Cibalto jumped when there was a knock on the door and it opened. “Ah, here is Mrs. Brush with our tea and scones. I cannot tell her to leave because she will not. She always hovers over me until she sees me eat every crumb. She tells me she promised my sainted wife she would make me eat since my wife believed me too thin. I don’t wish to pause in my revelations, but there is no choice.”
Life, Grayson knew, was always twisting and turning and dishing up moments of comedy to make you shake your head. He forced himself to turn and smile at a plump middle-aged woman wearing a green gown covered with a huge white apron with absolutely no sign of cooking stains. Like Mr. Terduck, when she smiled at him she showed beautiful white teeth. She looked him up and down, and her bright eyes shone. “Och, ye be a fine-lookin’ young lad, wi’ so many words flittin’ in yer heid, fair to bedazzles th’ self. Both of ye, time to eat me scones. Eat, sirs, eat.”
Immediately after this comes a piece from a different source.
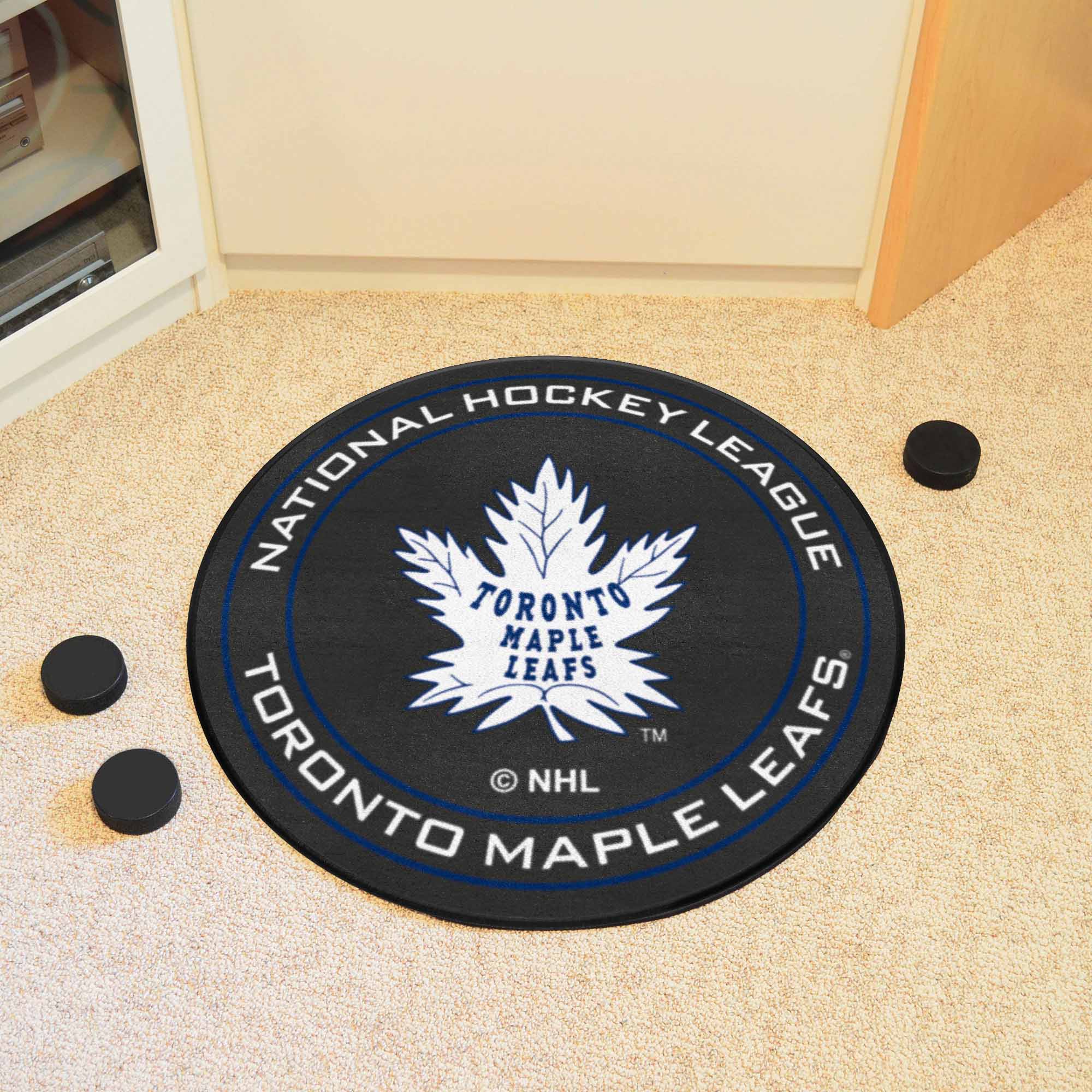 NHLRETRO Toronto Maple Leafs Hockey Puck Rug - 27in. Diameter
When at last Mrs. Brush left, Cibalto said, “Grayson, you must tell me what kind of berry is in the scones since Mrs. Brush will question me. Even now I am woefully ignorant of berries, and these taste more foreign than most.”
“They are loganberries, I believe.”
“Thank you. I will tell her, and she will be impressed with me. I remember when Amelia and I first moved into this house—it’s called Rose House, don’t know why since there are no rosebushes hereabouts—Mrs. Brush only mumbled. But my precious wife taught her how to carry forth, and now, alas, she won’t shut up. I can scarce get in a word edgewise when she’s about. I do miss my wife. She spent her time berating me for not listening to her, and she loved the smell of fresh linens on our bed. Do you like the tea? Did your tongue spring to attention?”